# and more



## Arzhela

Hello everybody,
What does mean "and more" in this sentence please ?
"He's my partner in life for the last twenty years and more."
My try :
"Il a été mon compagnon dans la vie durant ces vingt dernières années..?"(_depuis plus de ving ans _?)
Thank you very much for your answer.


----------



## belle_gique

It means something like "il a été mon compagnon pour la vie, et même encore plus que ça, durant ces vingt dernières années", I hope that makes sense!


----------



## hirondelled'hiver

oui, c'est cela, je dirais: ça fait plus de vingt ans qu'il est... etc...


----------



## belle_gique

Ahhh oui, Hirondelle s'exprime d'une façon plus "français" que moi, ça a l'air beaucoup mieux.


----------



## Arzhela

Merci beaucoup à vous deux, mais là j'ai deux réponses différentes.
"more" se rapporte à "partner in life"
ou "more" se rapporte à "last twenty years" ?
- ça fait plus de vingt ans
ou
- il a été plus que mon compagnon ?


----------



## belle_gique

C'est plutôt une expression fixe "and more" (c'est un peu americain, parlé) et là, il est en référence de "partner in life" ...


----------



## hirondelled'hiver

Pour moi, ça s'applique plutôt aux années, mais à confirmer par un anglophone...
Ah on n'est pas tous d'accord....
Ce serait quoi être plus qu'un compagnon de vie? C'est pas très clair. Je suppose que la suite du texte apporte la réponse...


----------



## belle_gique

(donc oui, "plus que mon compagnon"  )


----------



## Arzhela

Merci Belle gique.
Donc c'est "Il est mon compagnon et même plus, depuis ces vingt dernières années".
Au fait, c'est une Anglaise qui parle et non une Américaine  ici.


----------



## hirondelled'hiver

Toujours pas très clair, on dirait qu'il tourne autour du pot: que veut il dire par "et même plus"?
Quoiqu'il en soit, ce serait plus correct dans ce sens:  

Ca fait vingt ans qu'il est pour moi plus qu'un simple compagnon.  

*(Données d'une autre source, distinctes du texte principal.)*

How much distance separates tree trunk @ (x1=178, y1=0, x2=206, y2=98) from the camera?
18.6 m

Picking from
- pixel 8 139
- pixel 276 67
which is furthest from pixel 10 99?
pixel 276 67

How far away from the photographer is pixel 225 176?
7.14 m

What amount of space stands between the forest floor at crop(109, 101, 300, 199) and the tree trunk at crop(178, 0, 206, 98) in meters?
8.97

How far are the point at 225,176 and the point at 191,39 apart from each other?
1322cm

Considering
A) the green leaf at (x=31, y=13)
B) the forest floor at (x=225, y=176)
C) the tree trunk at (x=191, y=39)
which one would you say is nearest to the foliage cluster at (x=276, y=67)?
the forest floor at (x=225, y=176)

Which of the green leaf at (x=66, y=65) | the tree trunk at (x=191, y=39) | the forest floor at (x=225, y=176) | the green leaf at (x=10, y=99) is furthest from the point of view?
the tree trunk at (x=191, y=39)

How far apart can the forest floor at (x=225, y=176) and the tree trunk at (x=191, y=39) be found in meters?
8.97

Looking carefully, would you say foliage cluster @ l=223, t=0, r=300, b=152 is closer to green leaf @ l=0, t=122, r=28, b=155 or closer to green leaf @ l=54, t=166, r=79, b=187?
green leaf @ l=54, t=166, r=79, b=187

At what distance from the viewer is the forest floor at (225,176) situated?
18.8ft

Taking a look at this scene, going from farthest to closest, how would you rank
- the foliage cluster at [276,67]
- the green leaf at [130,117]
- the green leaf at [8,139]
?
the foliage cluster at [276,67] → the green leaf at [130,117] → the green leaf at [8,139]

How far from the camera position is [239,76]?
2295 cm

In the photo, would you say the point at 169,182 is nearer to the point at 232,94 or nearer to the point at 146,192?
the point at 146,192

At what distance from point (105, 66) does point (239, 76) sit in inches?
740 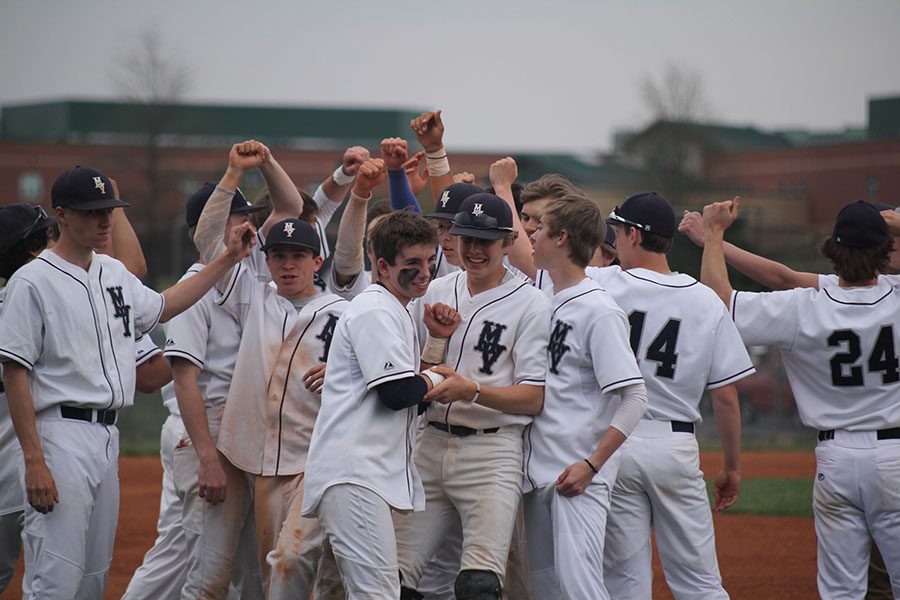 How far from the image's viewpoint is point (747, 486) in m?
13.6

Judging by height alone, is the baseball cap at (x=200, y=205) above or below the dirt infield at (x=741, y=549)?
above

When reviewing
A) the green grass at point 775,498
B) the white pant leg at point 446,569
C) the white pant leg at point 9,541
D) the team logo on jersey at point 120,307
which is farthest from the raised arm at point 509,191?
the green grass at point 775,498

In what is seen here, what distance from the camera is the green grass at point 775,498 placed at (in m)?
12.0

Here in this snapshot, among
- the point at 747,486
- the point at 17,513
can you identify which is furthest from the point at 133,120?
the point at 17,513

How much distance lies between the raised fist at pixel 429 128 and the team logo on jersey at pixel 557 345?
4.93ft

Ainsi, on garde l'ambiguité de la phrase...


----------



## belle_gique

Oui mais les anglaises l'utilisent aussi   C'est bein ça ce que vous avez écrit là, c'est parfait!


----------



## belle_gique

"et même plus" donc un compagnon de vie, un meilleure ami, quelqu'un qui m'a guidée dans ma vie ... peut-être un petit copain ... c'est aux lecteurs d'interpreter pour eux-mêmes.


----------



## lodelalu

Ces deux phrases ont-elles la même signification ?
À vous lire, c'est ce qui semblerait.

"He's my partner in life for the last twenty years and more."

"For the last twenty years he's my partner in life and more."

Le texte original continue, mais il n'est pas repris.